* **YOUR OBJECTIVE**:
Nothing but the lines from the one with "fabrikası bulunuyor Yeniden" through the end of the data should be set down, each exactly as written, and no picture should be included.

⁂

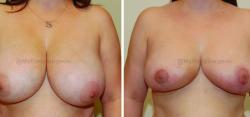 Sugar Land Plastic Surgery breast reduction result — Sugar Land, TX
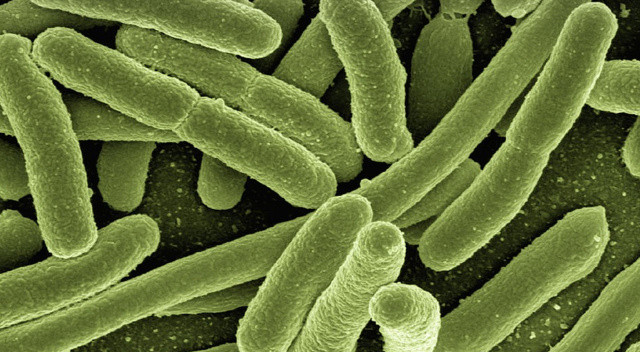 Yeniden salmonella alarmı! Bir markada daha tespit edildi... Türkiye'de de fabrikası bulunuyor Yeniden salmonella alarmı! Bir markada daha tespit edildi... Türkiye'de de fabrikası bulunuyor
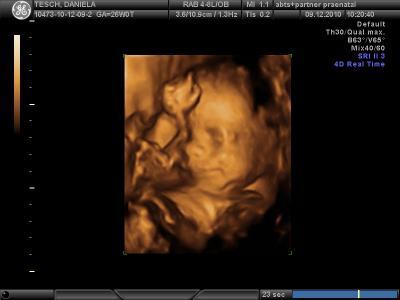 Bild zu Hier endlich auch mal ein Bildchen vom meinem Wurm.. - Forum für März - Mamis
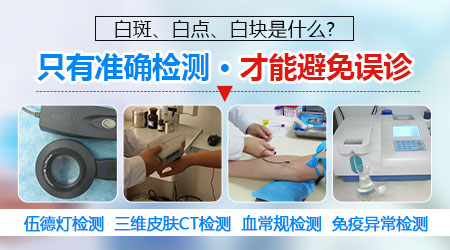 鼻子旁边白斑做过伍德灯不确定是白癜风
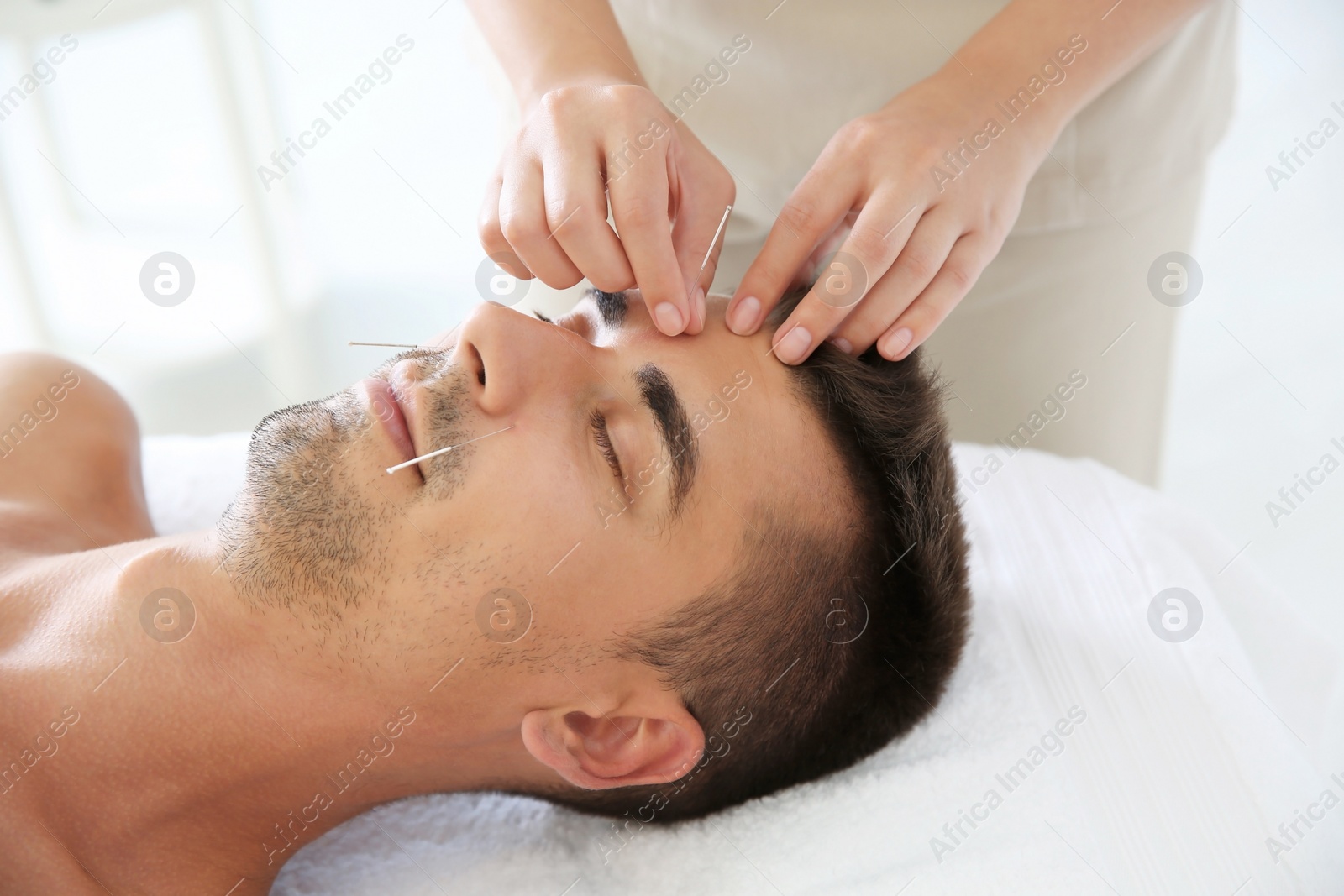 Photo of Young man undergoing acupuncture treatment in salon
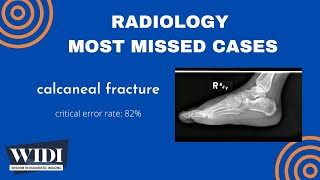 Most Missed Cases Calcaneal Fracture [upl. by Derfla396]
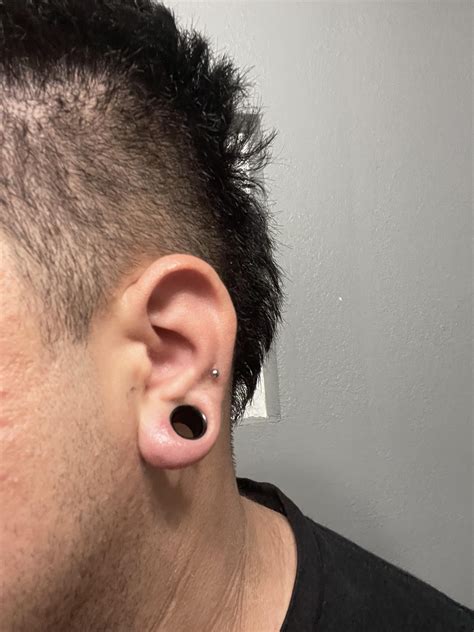 Cysts inside lobe?? : r/Stretched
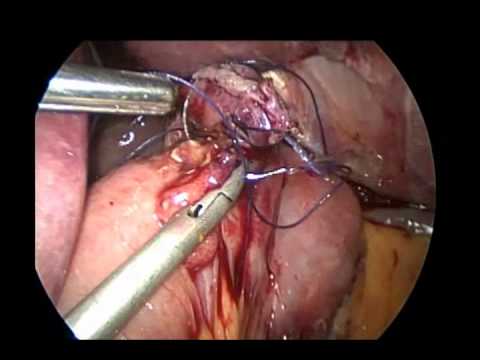 Résection laparoscopique d'une tumeur stromale gastrique après une gastrectomie partielle précédente avec reconstruction Billroth II
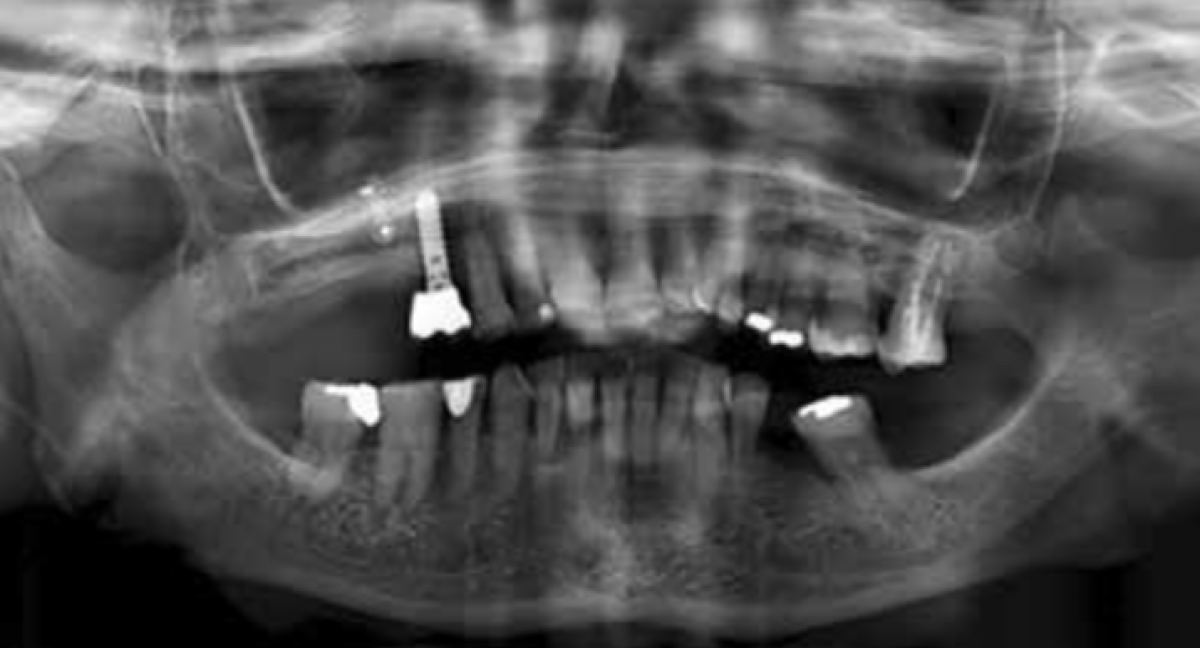 Image 1: Initial x-rays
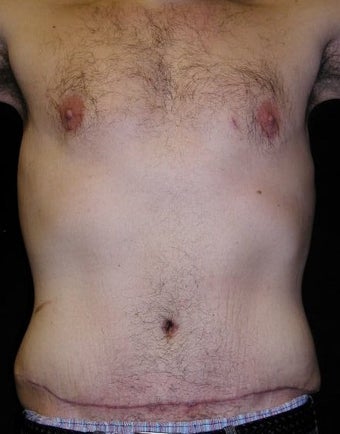 Male tummy Tuck, Flank Liposuction, Male Breast Reduction after 578158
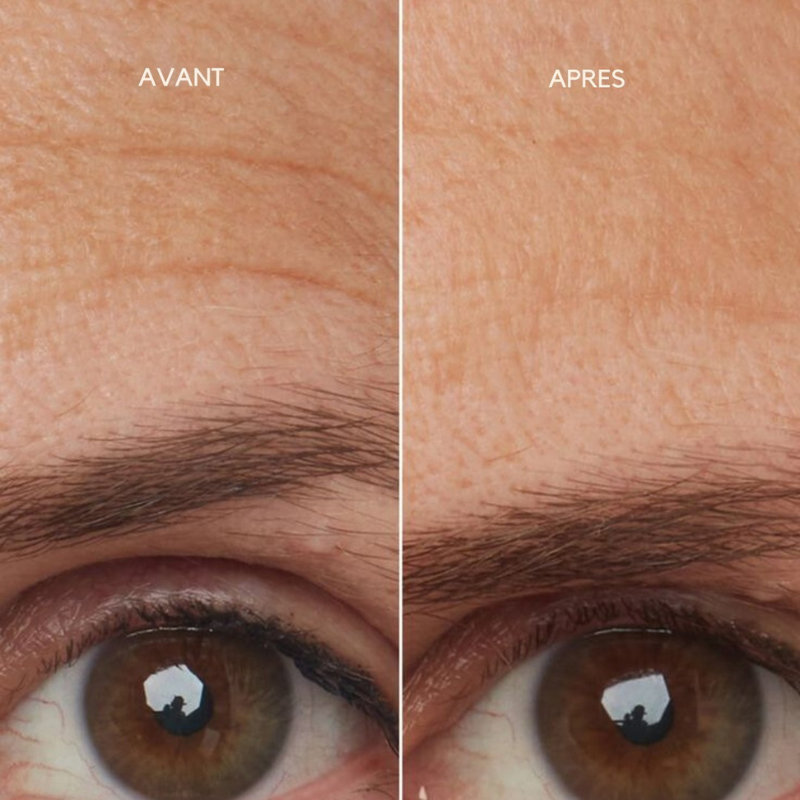 Un visage transformé en 30 jours avec Caudabio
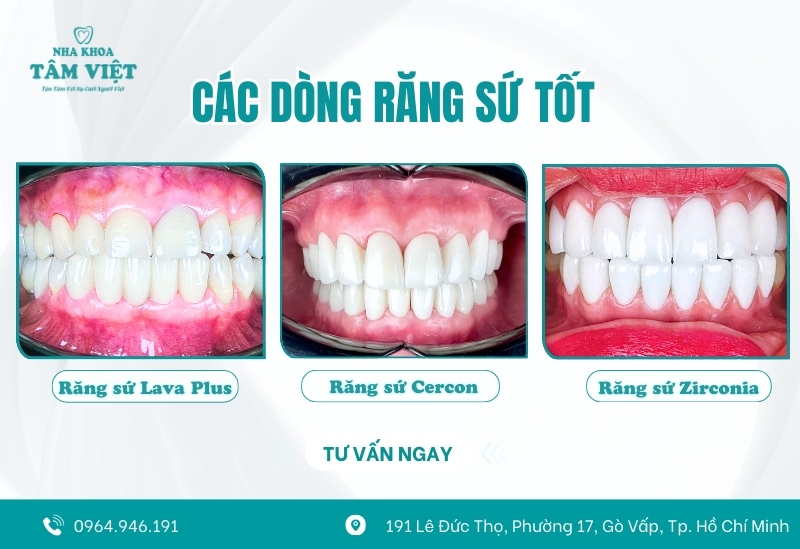 Vật liệu sứ chính hãng, bảo hành rõ ràng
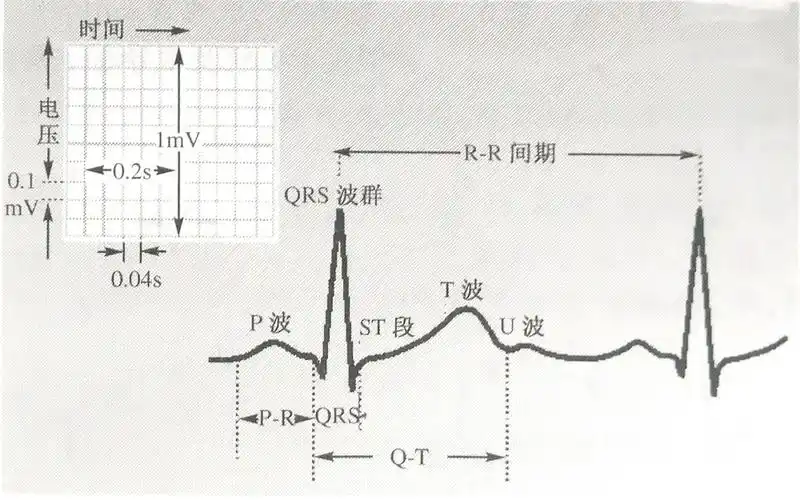 st段压低就一定是冠心病心电图究竟该怎么看让你不再疑惑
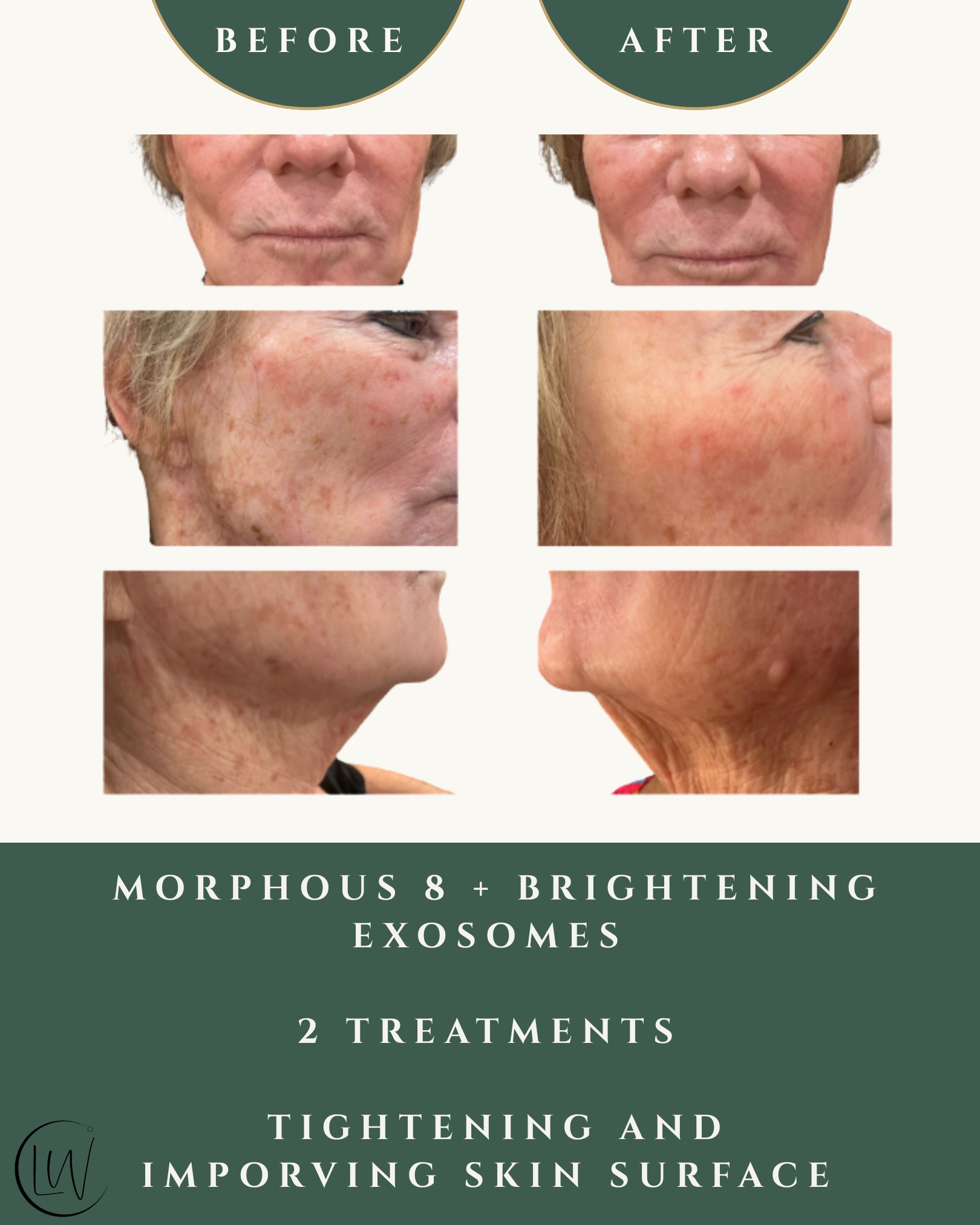 Lip filler before and after results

⁂

* **SOLUTION TO THE PROBLEM**:
 Yeniden salmonella alarmı! Bir markada daha tespit edildi... Türkiye'de de fabrikası bulunuyor Yeniden salmonella alarmı! Bir markada daha tespit edildi... Türkiye'de de fabrikası bulunuyor
 Bild zu Hier endlich auch mal ein Bildchen vom meinem Wurm.. - Forum für März - Mamis
 鼻子旁边白斑做过伍德灯不确定是白癜风
 Photo of Young man undergoing acupuncture treatment in salon
 Most Missed Cases Calcaneal Fracture [upl. by Derfla396]
 Cysts inside lobe?? : r/Stretched
 Résection laparoscopique d'une tumeur stromale gastrique après une gastrectomie partielle précédente avec reconstruction Billroth II
 Image 1: Initial x-rays
 Male tummy Tuck, Flank Liposuction, Male Breast Reduction after 578158
 Un visage transformé en 30 jours avec Caudabio
 Vật liệu sứ chính hãng, bảo hành rõ ràng
 st段压低就一定是冠心病心电图究竟该怎么看让你不再疑惑
 Lip filler before and after results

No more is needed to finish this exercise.